Hi, I was trying to figure out how CDR3 DNA sequence in TCR sequencing is converted to the corresponding AA sequence. From a data set I have from Adaptive, an example is:
TCTCTCACTGTGACATCTGCCCAGAAGAACGAGATGGCCGTTTTTCTCTGTGCCAGCAGTTCGACTGGGGGTCCTTATGAACAGTAC If I convert this to AA sequence (6 possible reading frames, using Expasy tool), I get: 5'3' Frame 1 S L T V T S A Q K N E Met A V F L C A S S S T G G P Y E Q Y 5'3' Frame 2 L S L Stop H L P R R T R W P F F S V P A V R L G V L Met N S 5'3' Frame 3 S H C D I C P E E R D G R F S L C Q Q F D W G S L Stop T V 3'5' Frame 1 V L F I R T P S R T A G T E K N G H L V L L G R C H S E R 3'5' Frame 2 Y C S Stop G P P V E L L A Q R K T A I S F F W A D V T V R 3'5' Frame 3 T V H K D P Q S N C W H R E K R P S R S S G Q Met S Q Stop E The reported AA sequence is: CASSSTGGPYEQYF which matches the first of the translated AA sequence.
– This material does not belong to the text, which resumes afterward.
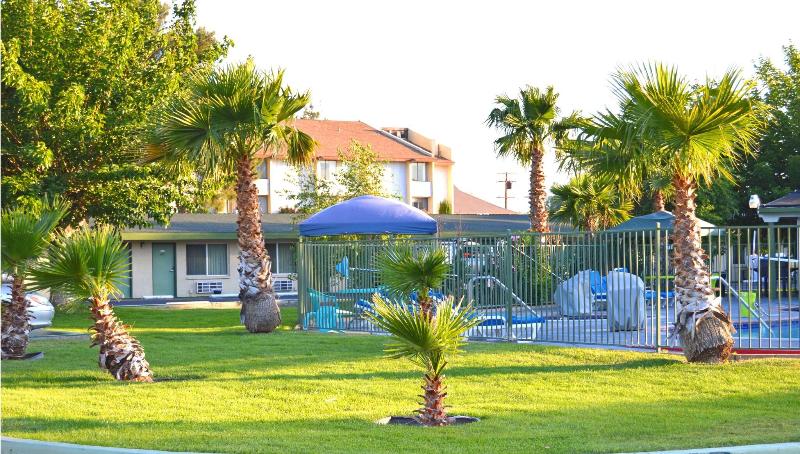 Town House Motel image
All of the reported sequences start with residue C and end with F. I was wondering why the full sequence is not reported: Met A V F L C A S S S T G G P Y E Q Y and why is F added (to each reported AA) at the end. Is there any reference to this process. Thanks, - Pankaj
Thanks,
- Pankaj
Hi Pankaj, could you please try to format your question into a readable text using e.g. code format for the sequences? Thank you.